RECORDS SHOWN>
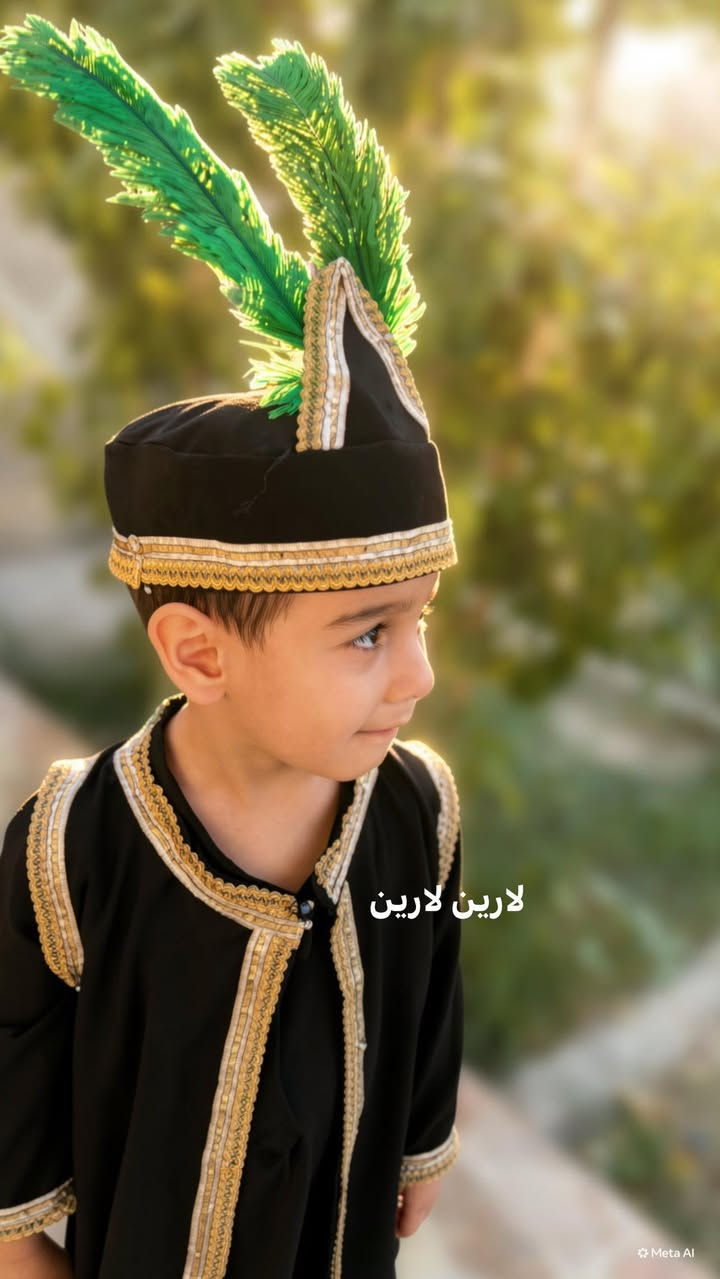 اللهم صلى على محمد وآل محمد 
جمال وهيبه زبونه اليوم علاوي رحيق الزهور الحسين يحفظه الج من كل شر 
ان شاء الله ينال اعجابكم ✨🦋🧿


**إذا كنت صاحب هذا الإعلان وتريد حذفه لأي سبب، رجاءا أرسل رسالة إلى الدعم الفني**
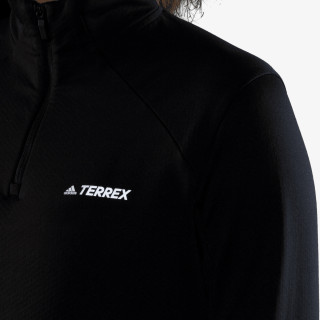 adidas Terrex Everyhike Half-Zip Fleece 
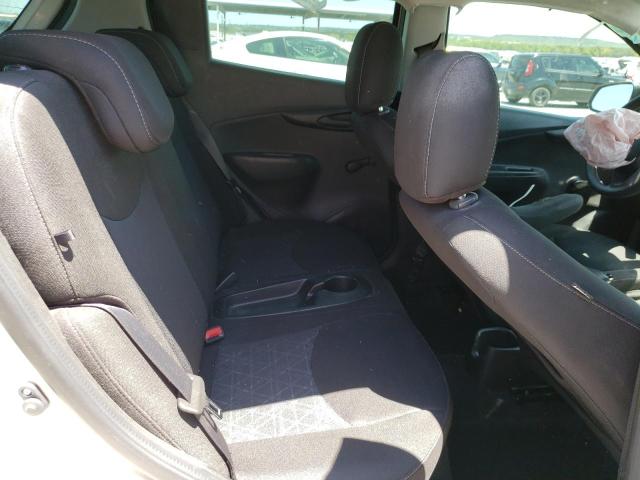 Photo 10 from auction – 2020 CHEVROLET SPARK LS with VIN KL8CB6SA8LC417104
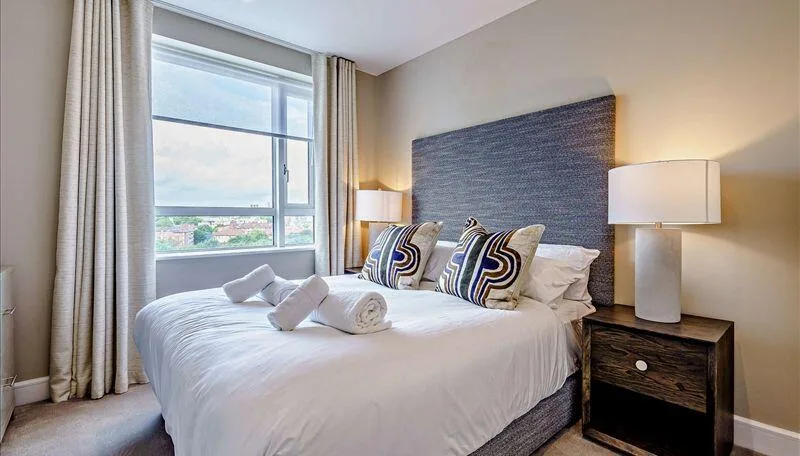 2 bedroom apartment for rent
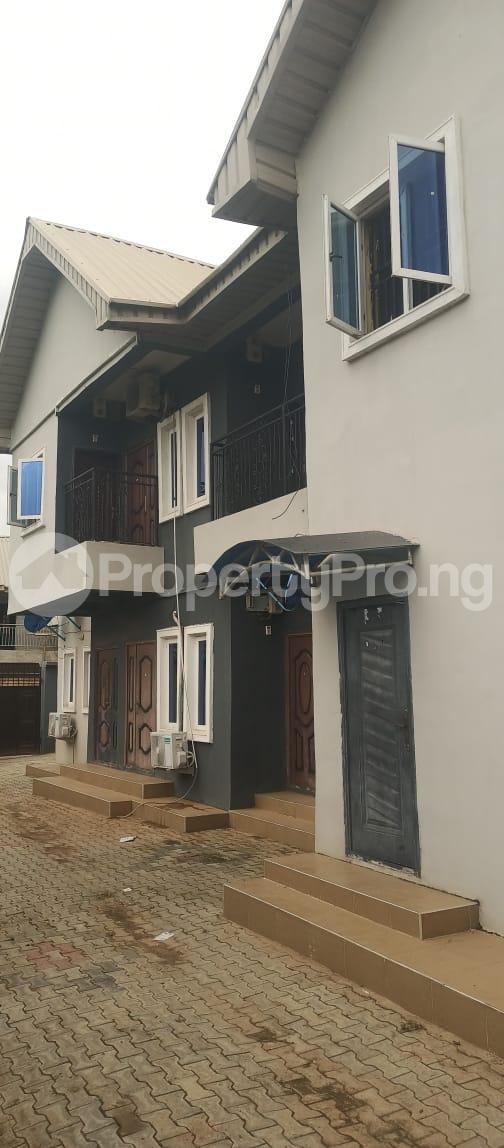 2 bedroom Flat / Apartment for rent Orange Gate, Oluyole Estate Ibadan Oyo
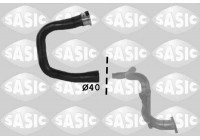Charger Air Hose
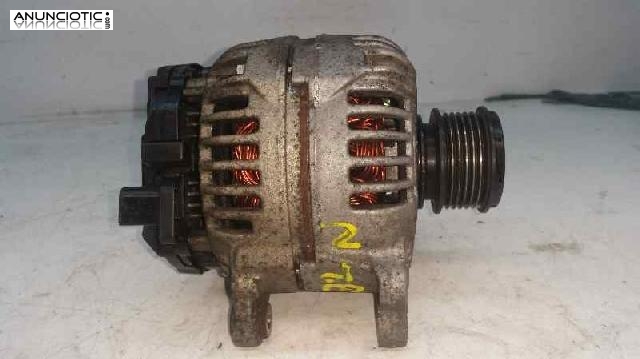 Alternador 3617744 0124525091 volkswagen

EXERCISE OBJECTIVE>
Copy each line of the listing exactly, skipping any picture.

ANSWER TO THIS EXERCISE>
 اللهم صلى على محمد وآل محمد 
جمال وهيبه زبونه اليوم علاوي رحيق الزهور الحسين يحفظه الج من كل شر 
ان شاء الله ينال اعجابكم ✨🦋🧿


**إذا كنت صاحب هذا الإعلان وتريد حذفه لأي سبب، رجاءا أرسل رسالة إلى الدعم الفني**
 adidas Terrex Everyhike Half-Zip Fleece 
 Photo 10 from auction – 2020 CHEVROLET SPARK LS with VIN KL8CB6SA8LC417104
 2 bedroom apartment for rent
 2 bedroom Flat / Apartment for rent Orange Gate, Oluyole Estate Ibadan Oyo
Charger Air Hose
 Alternador 3617744 0124525091 volkswagen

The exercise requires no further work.